Where the data below begins, start duplicating lines exactly, and finish with the line containing "цена 15171658 рублей"; add nothing else. Leave the pictures out.

____ DATA

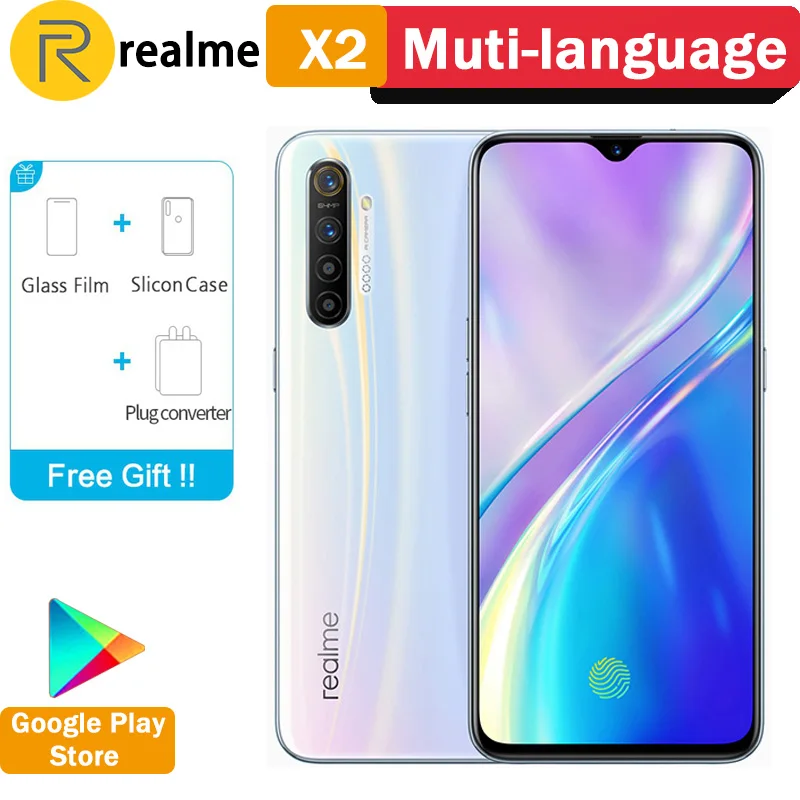 Realme X2 мобильный телефон 6 4 ''Full Экран Snapdragon 730G 64MP Камера NFC 30 Вт Быстрый Зарядное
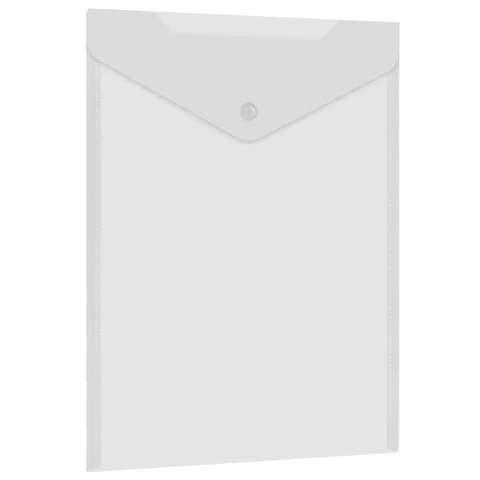 Папка-конверт на кнопке А4 BRAUBERG "UNIVERSAL" 150мкм, вертикальная, прозрачная, 273075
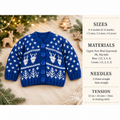 Christmas Baby- Reindeer Snowflake Cardigan- V neck drop sleeves  DK 8 PLY Light worsted knitting pattern   Fits Birth- 6 Years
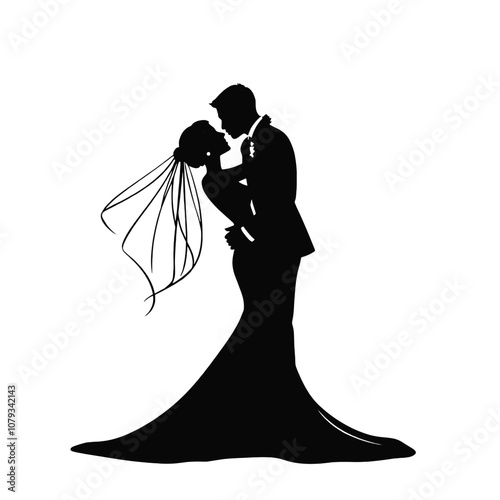 Black silhouette of kissing groom and bride ,black color silohouette on a white background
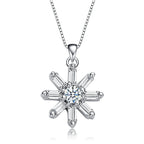 TD Collette Z Rhodium Plated Round Cubic Zirconia Flower Pendant Necklace Elegant Fine Pendant Necklaces Fury Fits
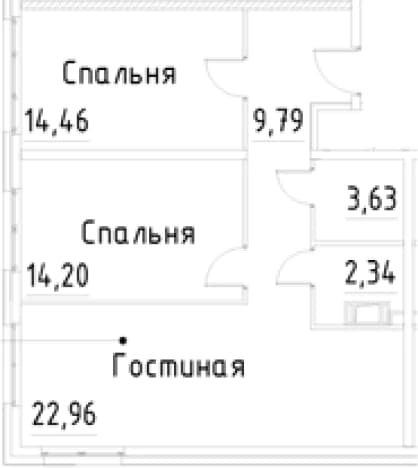 . Вариант № 2007005, 0, площадь - 67.38 квм, цена 15171658 рублей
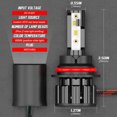thumbnail image 4 of 2 Pcs 9007 9004 HB5 Ampoules de Phare LED Blanc Plug&Play pour Ford Excursion 2000-2004, CHUSYYRAY, 4 of 11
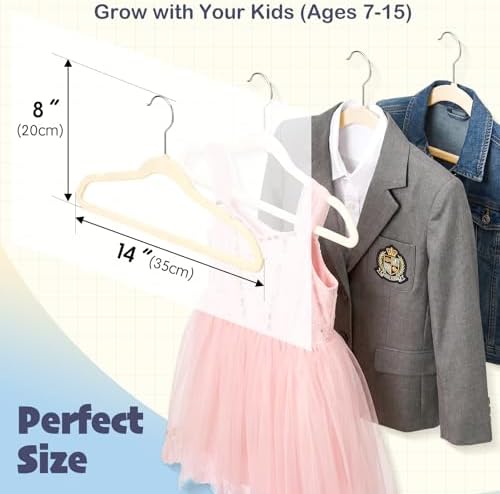 HOUSE DAY 14 Inch Kids Velvet Hangers 50 Pack, Durable Big Kid Hanger Beige - Image 3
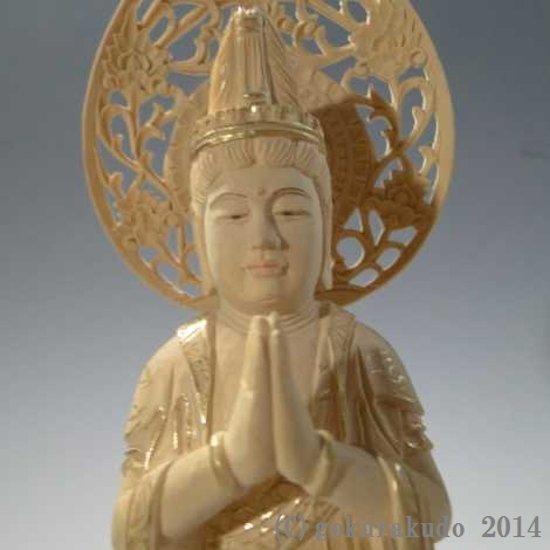 仏像・本尊/観音・勢至菩薩セット 総つげ3.5寸金泥書き付き 画像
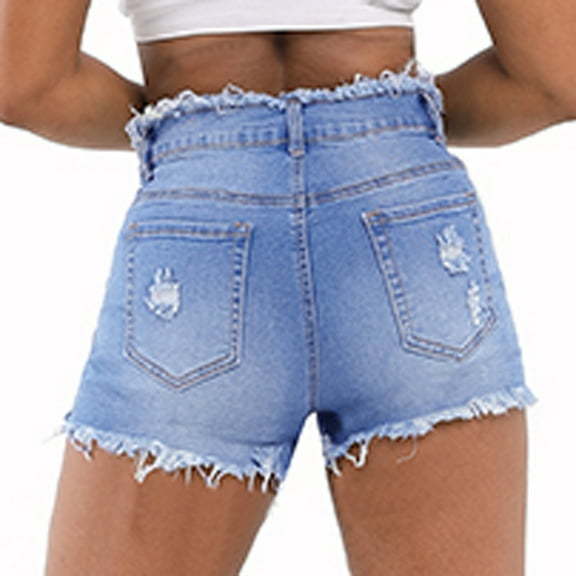 Fesfesfes Jeans for Women Pocket Solid Jeans Denim Pants Female Hole Bottom Casual Shorts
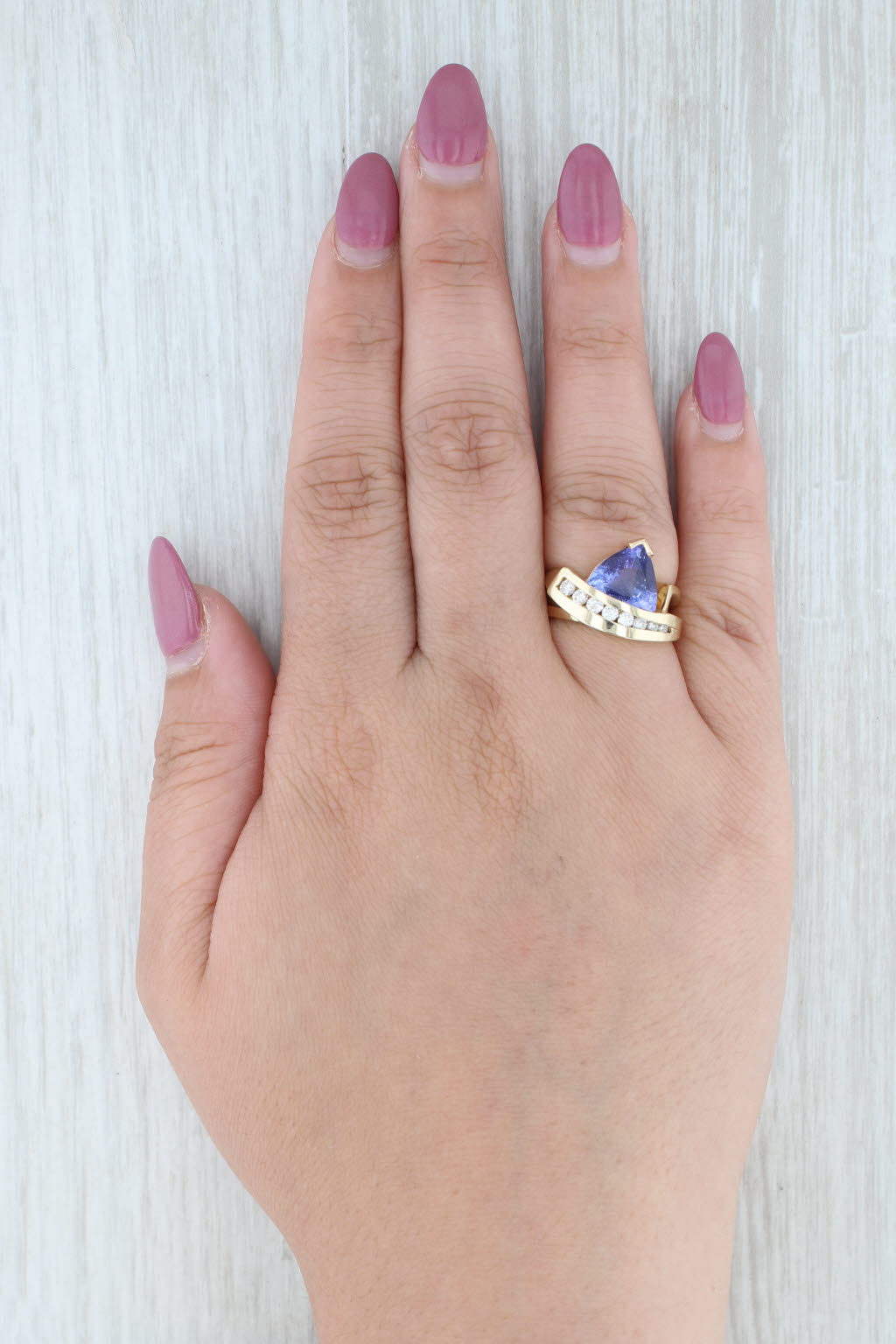 Gray 2.91ctw Tanzanite Diamond Ring 14k Yellow Gold Size 6.25 Abstract Bypass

________

### EXPECTED OUTPUT
 Realme X2 мобильный телефон 6 4 ''Full Экран Snapdragon 730G 64MP Камера NFC 30 Вт Быстрый Зарядное
 Папка-конверт на кнопке А4 BRAUBERG "UNIVERSAL" 150мкм, вертикальная, прозрачная, 273075
 Christmas Baby- Reindeer Snowflake Cardigan- V neck drop sleeves  DK 8 PLY Light worsted knitting pattern   Fits Birth- 6 Years
 Black silhouette of kissing groom and bride ,black color silohouette on a white background
 TD Collette Z Rhodium Plated Round Cubic Zirconia Flower Pendant Necklace Elegant Fine Pendant Necklaces Fury Fits
 . Вариант № 2007005, 0, площадь - 67.38 квм, цена 15171658 рублей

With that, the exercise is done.